Richard Rohr says, “I have come to mistrust almost all righteous indignation and moral outrage. In my experience, it is hardly ever from God. Zealots motives are often filled with ego, self, power, control and self-righteousness. Resurrected people, on the other hand, prayerfully bear witness against injustice and evil but also agree compassionately to hold their own complicity in that same evil. It is not over there, it is here. It is our problem, not theirs. If you don’t do this, strangely enough, it gives you a very false sense of control and superiority because you’ve spotted the evil and, thank God, it’s not me, it’s over there, not here. As long as ‘they’ are the problem and you can keep your focus on changing them, correcting them, expelling them as the contaminating element, then you can sit in a reasonably comfortable and self-satisfying position.”
This is what the Pharisees were doing when Jesus called them hypocrites and white-washed tombs (Matthew 23:27). Jesus said, get rid of the log in your own eye then maybe you can get the sliver out of the eye of someone else. (Matthew 7:5) Only God can hold such an act together within us. The False Self, this small self, is always too fragile and too small. Only the True Self can live the gospel.
Rohr goes on to say, “Maybe our greatest disservice has been that we have given the Law and the gospel to the fragile self that is incapable even of understanding it. We end up condemning people to subterfuge, denial, mental gymnastics and trivialization—by preaching the Law without also offering people that ‘identity transplant’ that we call Good News! This is impossible except for the True Self, ‘hidden with Christ in God’” (Colossians 3:3).

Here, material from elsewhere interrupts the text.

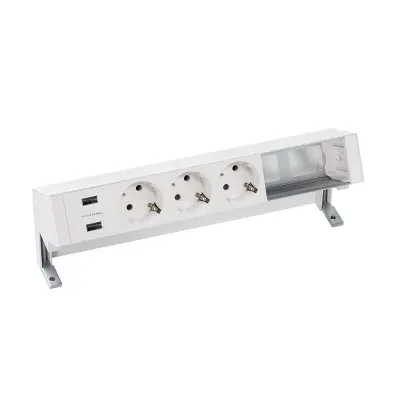 Настольный x6 розеточный блок, 3x2P+E, USB A+A з/у, 2 пустых модуля, белый, S400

Paul took some of his Letter to the Romans to struggle with this dilemma. “So the trouble is not with the law, for it is spiritual and good. The trouble is with me, for I am all too human, a slave to sin. I don’t really understand myself, for I want to do what is right, but I don’t do it. Instead, I do what I hate.
I have discovered this principle of life—that when I want to do what is right, I inevitably do what is wrong. I love God’s law with all my heart. But there is another power within me that is at war with my mind. This power makes me a slave to the sin that is still within me. Oh, what a miserable person I am! Who will free me from this life that is dominated by sin and death? Thank God! The answer is in Jesus Christ our Lord. So you see how it is: In my mind I really want to obey God’s law, but because of my sinful nature I am a slave to sin.” (Romans 7:14-15, 21-25 NLT)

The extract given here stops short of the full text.